(Brief descriptive captions)
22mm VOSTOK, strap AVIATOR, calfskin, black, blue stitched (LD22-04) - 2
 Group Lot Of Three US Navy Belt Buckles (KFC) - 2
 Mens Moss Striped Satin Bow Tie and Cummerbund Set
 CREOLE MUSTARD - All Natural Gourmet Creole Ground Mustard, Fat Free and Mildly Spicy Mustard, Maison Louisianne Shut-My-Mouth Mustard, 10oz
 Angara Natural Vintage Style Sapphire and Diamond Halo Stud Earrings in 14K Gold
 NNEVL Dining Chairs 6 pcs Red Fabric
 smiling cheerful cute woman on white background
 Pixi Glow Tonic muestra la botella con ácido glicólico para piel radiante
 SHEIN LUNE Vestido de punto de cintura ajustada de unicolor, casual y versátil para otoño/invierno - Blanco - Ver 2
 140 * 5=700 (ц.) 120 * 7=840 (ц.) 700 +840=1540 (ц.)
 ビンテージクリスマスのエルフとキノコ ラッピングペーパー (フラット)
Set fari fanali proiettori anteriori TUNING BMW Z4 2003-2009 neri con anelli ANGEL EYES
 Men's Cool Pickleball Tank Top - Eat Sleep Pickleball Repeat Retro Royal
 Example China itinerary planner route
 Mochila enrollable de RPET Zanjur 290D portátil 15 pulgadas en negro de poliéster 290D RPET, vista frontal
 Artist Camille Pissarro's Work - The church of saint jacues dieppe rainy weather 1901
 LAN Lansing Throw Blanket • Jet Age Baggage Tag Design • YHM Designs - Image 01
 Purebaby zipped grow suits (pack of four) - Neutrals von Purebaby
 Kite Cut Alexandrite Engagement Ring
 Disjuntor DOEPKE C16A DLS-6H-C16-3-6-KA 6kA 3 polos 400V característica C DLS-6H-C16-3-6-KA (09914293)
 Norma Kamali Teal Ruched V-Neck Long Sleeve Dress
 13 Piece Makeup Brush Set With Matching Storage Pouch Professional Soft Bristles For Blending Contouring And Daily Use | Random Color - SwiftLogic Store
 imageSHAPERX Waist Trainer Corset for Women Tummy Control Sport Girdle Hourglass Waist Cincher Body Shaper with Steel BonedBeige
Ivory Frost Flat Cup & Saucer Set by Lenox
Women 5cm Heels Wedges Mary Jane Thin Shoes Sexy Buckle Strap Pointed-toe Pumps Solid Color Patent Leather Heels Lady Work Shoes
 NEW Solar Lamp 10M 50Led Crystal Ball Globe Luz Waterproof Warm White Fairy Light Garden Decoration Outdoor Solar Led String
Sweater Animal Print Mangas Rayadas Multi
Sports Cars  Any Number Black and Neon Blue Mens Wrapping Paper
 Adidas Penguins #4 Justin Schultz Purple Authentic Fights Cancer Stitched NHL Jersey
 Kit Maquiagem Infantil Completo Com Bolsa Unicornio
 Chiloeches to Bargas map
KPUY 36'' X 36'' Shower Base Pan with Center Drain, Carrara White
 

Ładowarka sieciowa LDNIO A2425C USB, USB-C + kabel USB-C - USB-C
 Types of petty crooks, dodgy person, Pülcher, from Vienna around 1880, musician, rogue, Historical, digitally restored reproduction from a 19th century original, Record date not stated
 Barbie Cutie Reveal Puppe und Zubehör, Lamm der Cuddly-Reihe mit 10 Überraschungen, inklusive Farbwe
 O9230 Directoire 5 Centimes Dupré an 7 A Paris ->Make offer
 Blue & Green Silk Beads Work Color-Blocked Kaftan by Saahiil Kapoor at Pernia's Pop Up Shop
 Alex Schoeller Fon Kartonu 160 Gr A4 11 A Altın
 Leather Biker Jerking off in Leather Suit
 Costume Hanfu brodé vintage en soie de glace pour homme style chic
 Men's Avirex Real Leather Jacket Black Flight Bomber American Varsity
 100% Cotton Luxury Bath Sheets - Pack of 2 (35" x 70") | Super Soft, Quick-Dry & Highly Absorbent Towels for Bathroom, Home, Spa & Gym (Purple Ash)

HOW TO COMPLETE THIS TASK: Among the entries, find each line that includes the string "Natural" and copy it.

YOUR SOLUTION:
 CREOLE MUSTARD - All Natural Gourmet Creole Ground Mustard, Fat Free and Mildly Spicy Mustard, Maison Louisianne Shut-My-Mouth Mustard, 10oz
 Angara Natural Vintage Style Sapphire and Diamond Halo Stud Earrings in 14K Gold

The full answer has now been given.